Maurice E. Gosnell, Gosnell, Benecki & Quindry, Lawrenceville, Ill., for Earl D. Johnson.
Everett L. Laury, Hutton, Hegeler, Buchanan & Laury, Danville, Ill., for Gallatin County, Illinois and Herman Watters.
Before KILEY, SWYGERT and CUMMINGS, Circuit Judges.
KILEY, Circuit Judge.
This is a personal injury action based on diversity jurisdiction. The district court directed a verdict against plaintiff Johnson, an Indiana resident, and in favor of defendants Shawneetown, Illinois and its police chief Paul Wood. It also directed a verdict against Gallatin County, Illinois and its deputy sheriff Herman Watters upon their counterclaim against plaintiff. The jury returned verdicts for plaintiff against defendants Gallatin County and Watters for $22,500 and against defendant Hise for $25,000; and for Watters on his cross-claim against Hise for $15,000. The court entered judgments on the verdicts. Watters and Gallatin County have appealed from the judgment entered against them, and plaintiff Johnson has cross-appealed from the denial of his post-trial motion that judgment be entered on the verdicts in favor of him against all three defendants in the sum of $47,500. We affirm.

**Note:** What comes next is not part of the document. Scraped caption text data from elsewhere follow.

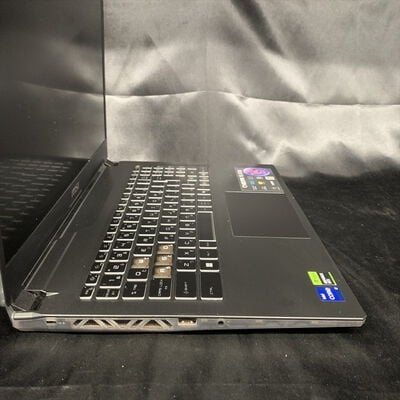 【横浜駅前店】中古  MSI Cyborg 15 A13UC (Intel Core i7-13620H/16GB/RTX3050//W11H/有線LAN◯無線LAN◯) 3400009546 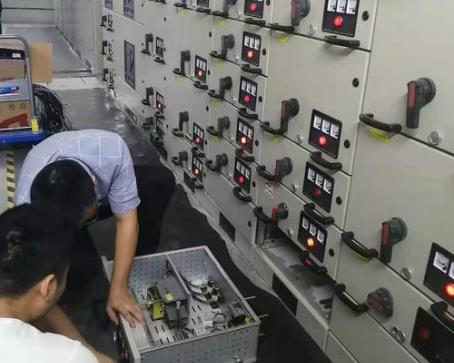 低压配电柜运行前后维护.jpg 低压配电柜运行前后维护.jpg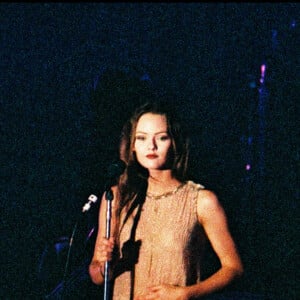 Vanessa Paradis sur la scène de l'Olympia en 1993.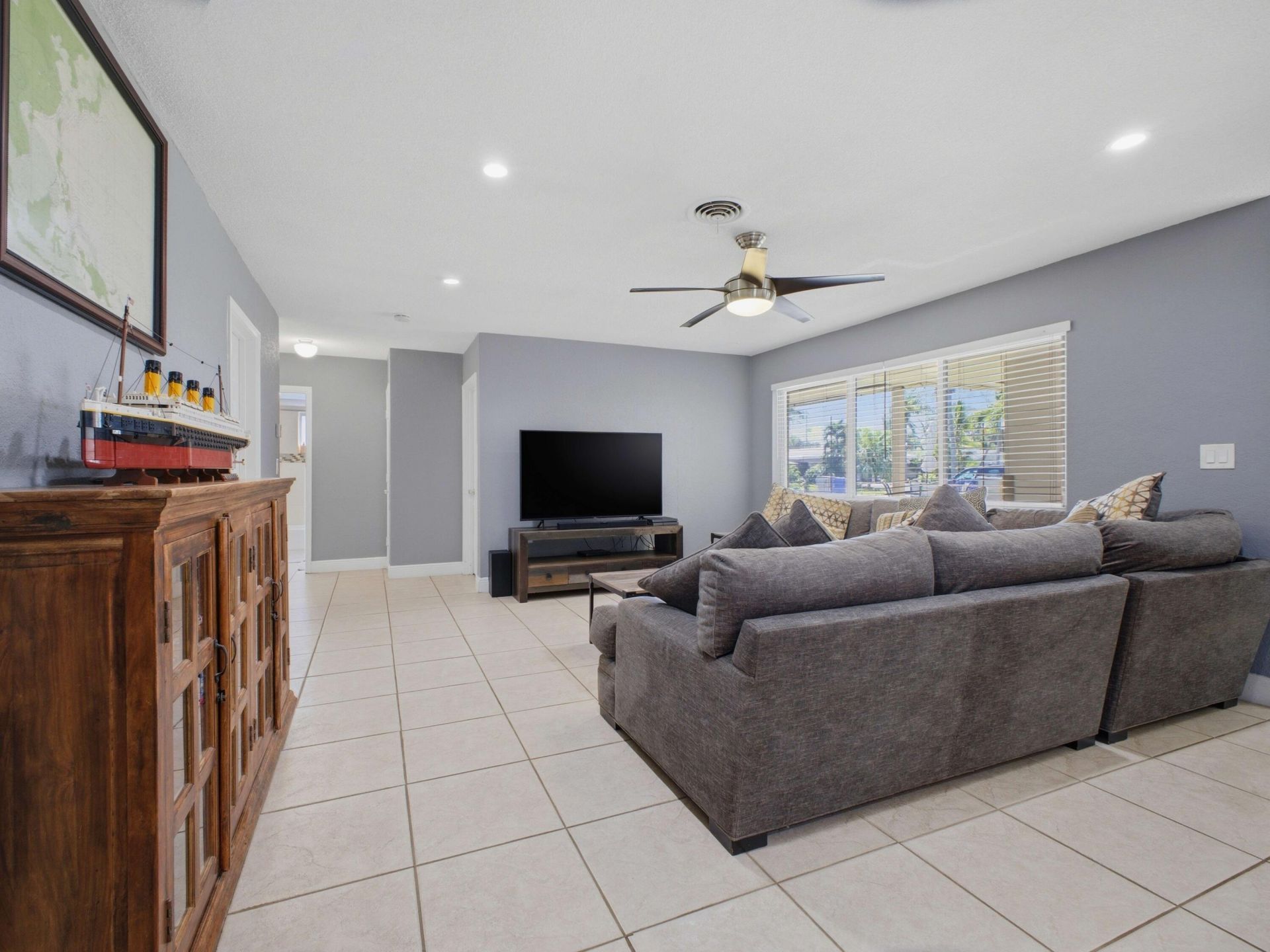 451 SE 1st Avenue, Unit A-B, Pompano Beach, FL 33060 Photo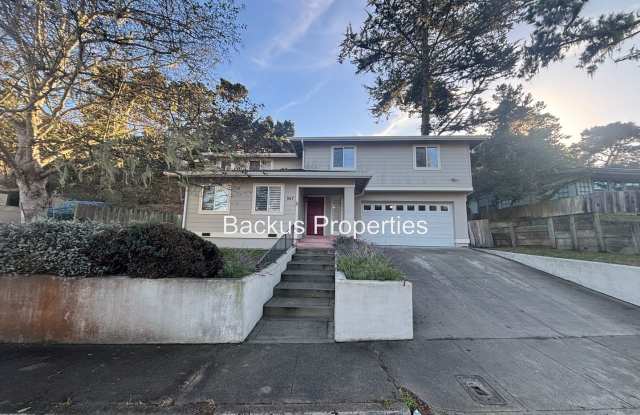 Wonderful Three Bedroom in Pacific Grove on Piedmont Dr.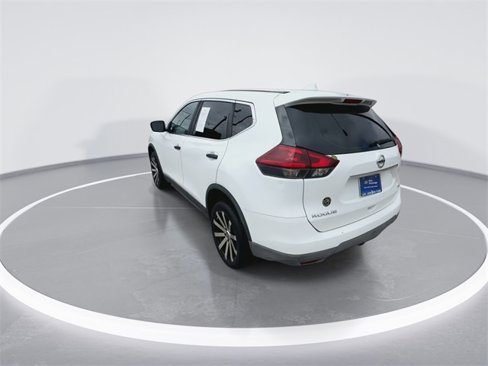 Used 2018 Nissan Rogue S image 9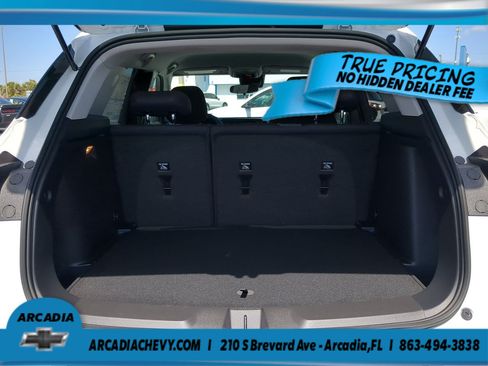 Used 2025 Chevrolet TrailBlazer LS w/ LS Convenience Package FWD image 13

Hise was in Watters' custody in the courthouse in Shawneetown. He managed to seize a gun, and took Watters and Wood hostages. They drove to an airport at Lawrenceville, Illinois, where Johnson was in charge. In a corridor of the airport building, a scuffle ensued in which Hise shot both Watters and Johnson. This suit followed. Plaintiff sued Gallatin County and Watters, Shawneetown and Wood, charging negligence in handling Hise while in their custody. He also sued Hise. Gallatin County and Watters filed claims against plaintiff and Hise, charging negligence on the part of each.

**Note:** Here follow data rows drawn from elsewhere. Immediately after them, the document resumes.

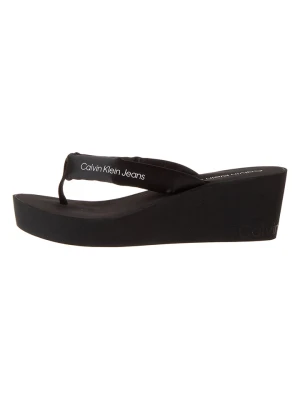 Calvin Klein Japonki w kolorze czarnym na koturnie rozmiar: 37
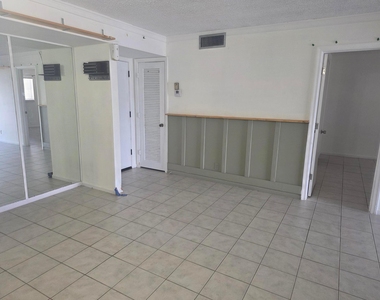 959 Se 2nd Avenue - Photo Thumbnail 6
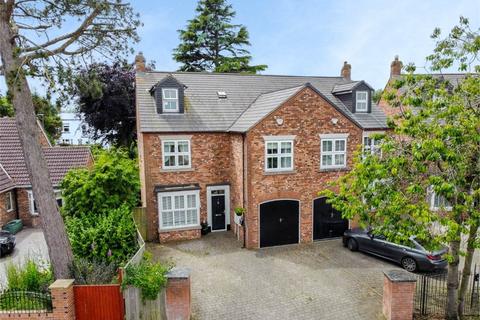 5 bedroom semi-detached house for sale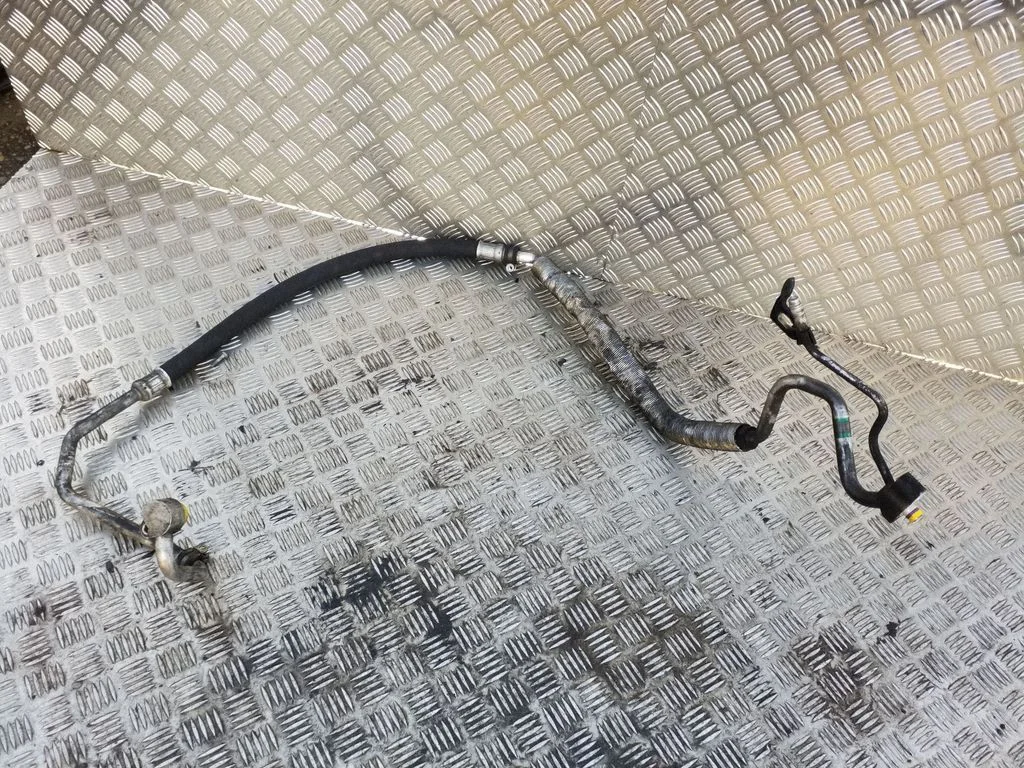Air conditioning (A/C) pipe/hose 3448289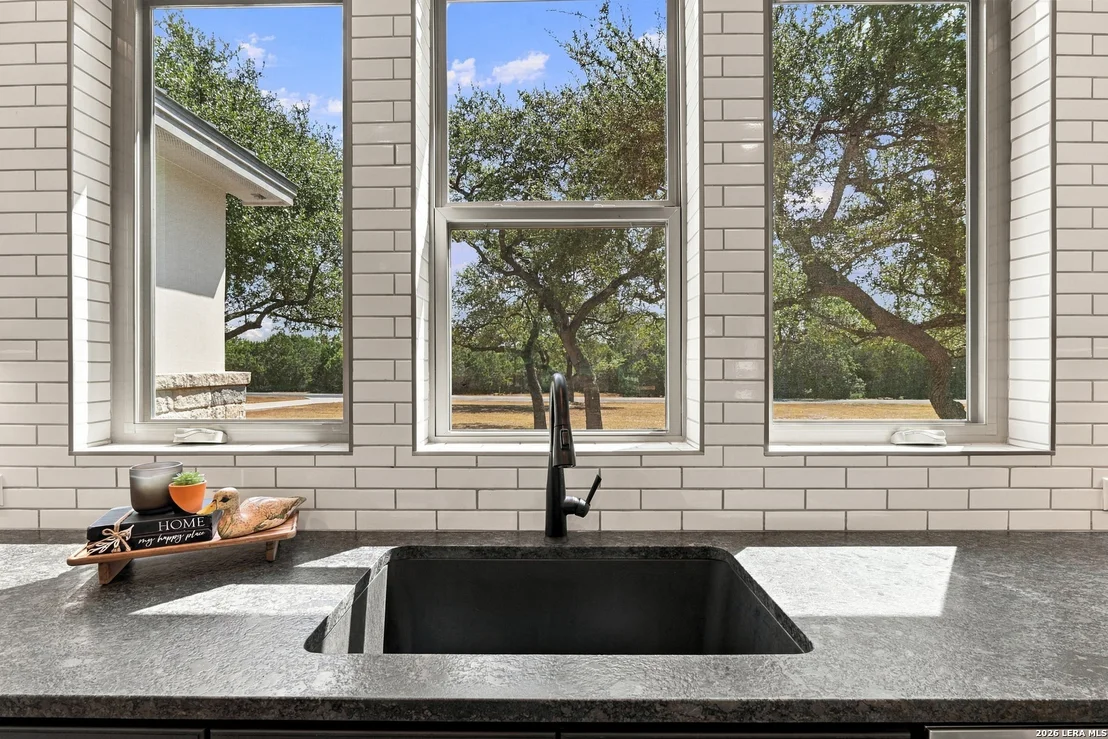 Photo of 31131 WINDMILL LN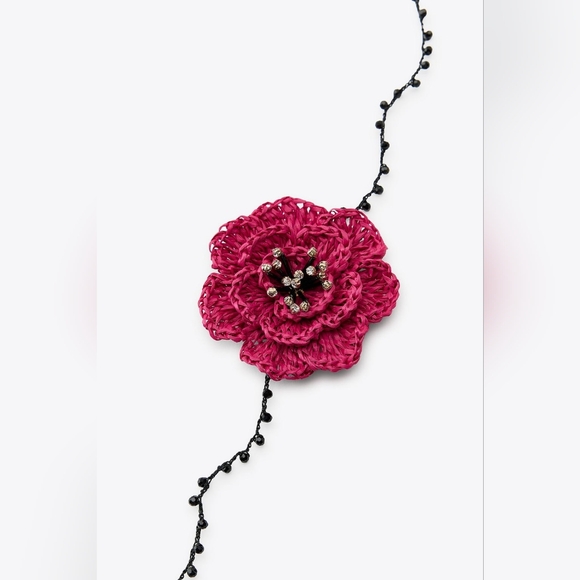 RAFFIA FLOWER NECKLACE - Picture 4 of 5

Plaintiff's burden was to prove — against Hise, Shawneetown and Wood, and Gallatin County and Watters — his own due care, and their negligence proximately causing the injury he incurred from the shot fired by Hise. The district court decided that Wood and, ipso facto, Shawneetown, were not guilty of negligence as a matter of law. There can be no question on this record that that decision was correct. It is also clear to us that Watters was not entitled to an instruction that, because the court had directed Wood out of the case, Watters, had no duty to resist Hise while being held hostage.

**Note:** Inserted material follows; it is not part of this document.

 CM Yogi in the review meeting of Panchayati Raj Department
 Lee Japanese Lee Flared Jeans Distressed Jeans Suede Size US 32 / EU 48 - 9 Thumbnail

Watters contends that he was not negligent as a matter of law and that the court erred in submitting this issue to the jury; further, even if he could be found guilty of negligence, that negligence was not, as a matter of law, the proximate cause of Johnson's injury. We see no merit in either contention.
Illinois law governs this decision. Watters relies upon Hullinger v. Worrell, 83 Ill. 220 (1876). The court there held that the plaintiff, who had been re-assaulted by an escaped prisoner previously jailed for the original assault, could not recover against the sheriff whose negligence permitted the prisoner to escape. That decision is an anachronism in Illinois law today. Since it was written it has never been authoritatively cited for its holding on the tort liability issue, has been referred to only once in a general discussion of varying rules with respect to liability of police for negligence, and has been cited twice for a procedural point not relevant here.
We think the Illinois Supreme Court, if confronted with the question of the viability of the Hullinger case, would hold that the development of statutory1 and case law in Illinois has rendered Hullinger obsolete. See Mayer v. Petzelt, 311 F.2d 601, 602 (7th Cir. 1962), cert. denied, 373 U.S. 936, 83 S.Ct. 1538, 10 L.Ed.2d 692 (1963). Where a policeman has a duty to exercise reasonable care, he is liable for injuries proximately caused by the neglect of that duty. Gardner v. Village of Chicago Ridge, 71 Ill.App.2d 373, 219 N.E.2d 147 (1966); Mayer v. Petzelt, 311 F.2d at 603. The same general rules of negligence law which apply to others are equally applicable to police. Gaca v. Chicago, 411 Ill. 146, 155, 103 N.E.2d 617, 623 (1952). Under Illinois law today a policeman, under proper circumstances, can be held liable for negligence committed in performance of his duty which proximately causes injury to a third person. On the facts of this case, the jury could properly have found Watters negligent in the way he handled the lockup of Hise or the manner in which he conducted himself after allowing himself to be kidnapped.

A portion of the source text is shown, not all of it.